Womanly Abstract art work: Womanly Bodies (1998), made with saa fiber & ratan, Womanly Echo (1998), made with acrylics and pastels collage on canvas, and Womanly Slick (1998), made with acrylic, pastel, ink, and charcoal on paper. These installations resemble temple stupas, and are inspired by churches. It is a metaphor; "I’m trying to put the female into a religious context, because we are so segregated". Womanly Echo and Womanly Slick have a collage overlaid in monochrome so that the Bessel is stark and hard- edged with contour lines. "Using black concentrates my work. Black represents melancholy". She believes that black is just another colour, it is not about sorrow. Womanly Bodies consisted of 25 rhythmic sculptures standing 2-½ m tall, their stitched saa fiber material gives them a coarse texture and organic distortions in their repetitious stature. The first inspection of work spears to be less sexually changed, the direct reference of this is females are seen as sex objects.

==Collections==
Sanpitak work is in the collections of the Los Angeles County Museum of Art (LACMA), Los Angeles, CA, USA, The Asian Art Museum, San Francisco, CA, USA, Queensland Art Gallery, Brisbane, Australia, Fukuoka Asian Art Museum, Fukuoka, Japan, Singapore Art Museum, Singapore,

==Reception==
Curator Jasmin Stephen says that Pinaree has engaged with notions of the self, feminism, and female experience for many years. Her approach to these issues is an expansive one, which has been shaped by her experience of showing all over the world. Stephen goes on and says "I think her works of resisting any dominating or ridged accounts of feminism while being of interest to scholars and audiences engaged in feminism throughout the world. An unknown curated stated regarding Sanpitak’s Breast Stupa Cookery Project states "this process of exchange is like a rebirth; it symbolically manifests the life cycle" as the breast stupa creates are never the same or repeated.

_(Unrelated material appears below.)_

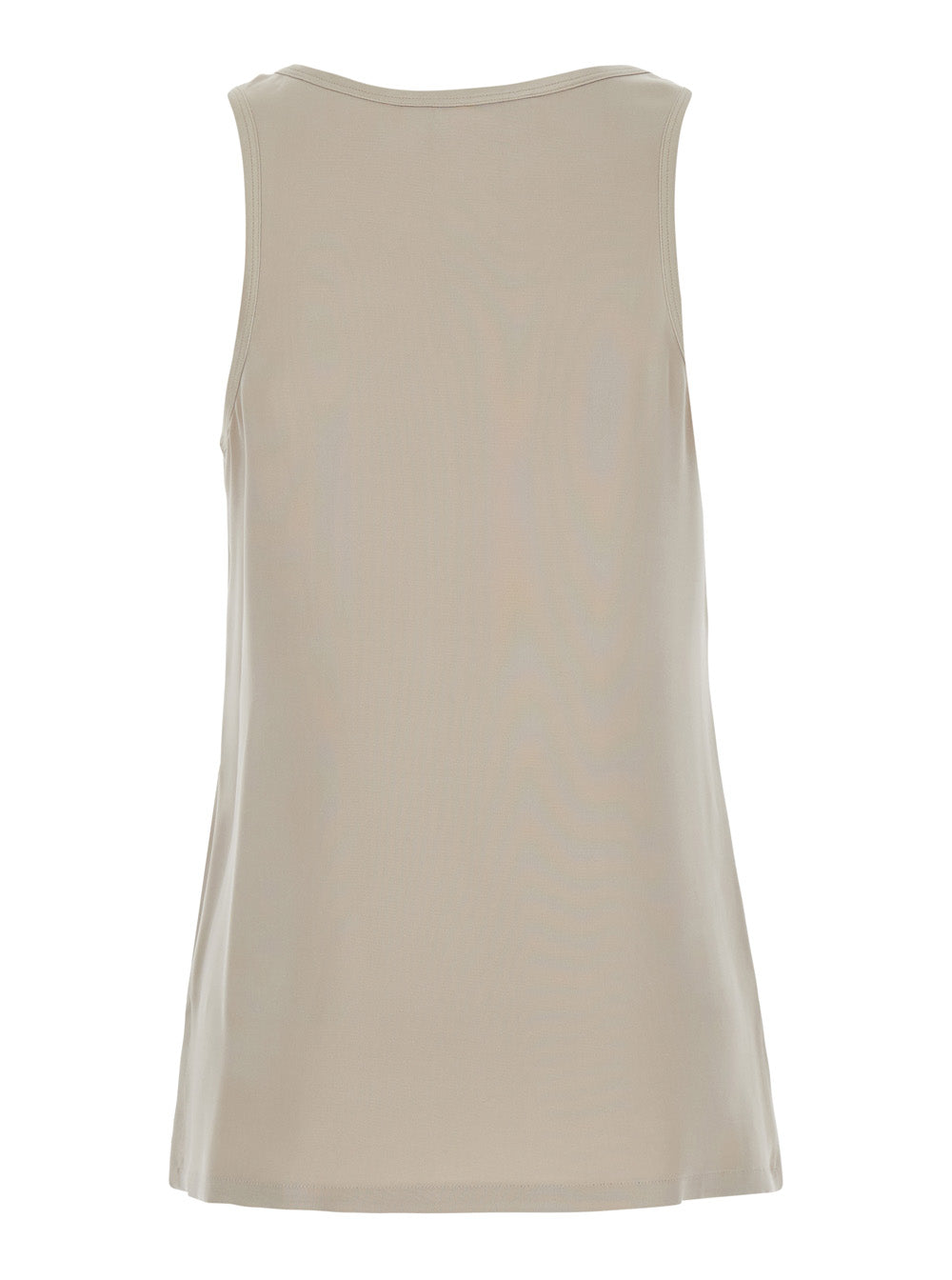 Max Mara Women 'Pavido' Beige Sleeveless Top With Round Neck And Tone-On-Tone Logo Embroidery On The Front In Silk For Women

==Femininity and feminism==
Femininity on a Plate (Breast Stupa Cookery – 2005) An adverse effect of Pinaree Sanpitak's signature work provokes hallucinating objects like boobs, whether fried eggs, bowls, lampshades etc. Sanpitak expresses her thoughts and experiences through breasts taking into culinary art. "It’s my lifetime project," says the artist, who has collaborated with cooks and chefs from many countries to express the symbol of femininity on the plate. Sanpitak worked with professional and amateur chefs to create meals using specially designed breast stupa- shaped cooking molds made in glass aluminum and glazed stoneware. The artist and her collaborator-chefs have hosted many of these events, presenting their five-course nourishing nipple- meals to audiences in Thailand, Japan, China, Spain, France, and the United States. "The inspiration came when I gave birth to my son. I used the breast shape, which is a beautiful form, to represent myself and also to symbolize not only motherhood but also femininity, and womanhood. There is a deeper meaning because when you look at mothers breast- feeding their child, it’s about both giving and receiving". The recipes and cooking process are documented and compiled as videos and cookbooks. In August 2005, the first official Breast Stupa Cookery event took place at the Jim Thompson House, which involved four chefs in preparing a buffet banquet for 200 guests. Over four years, Breast Stupa Cookery events has been organized over the world. The Breast Stupa culinary experience changes people's perceptions and make them look beyond what they see on the plate.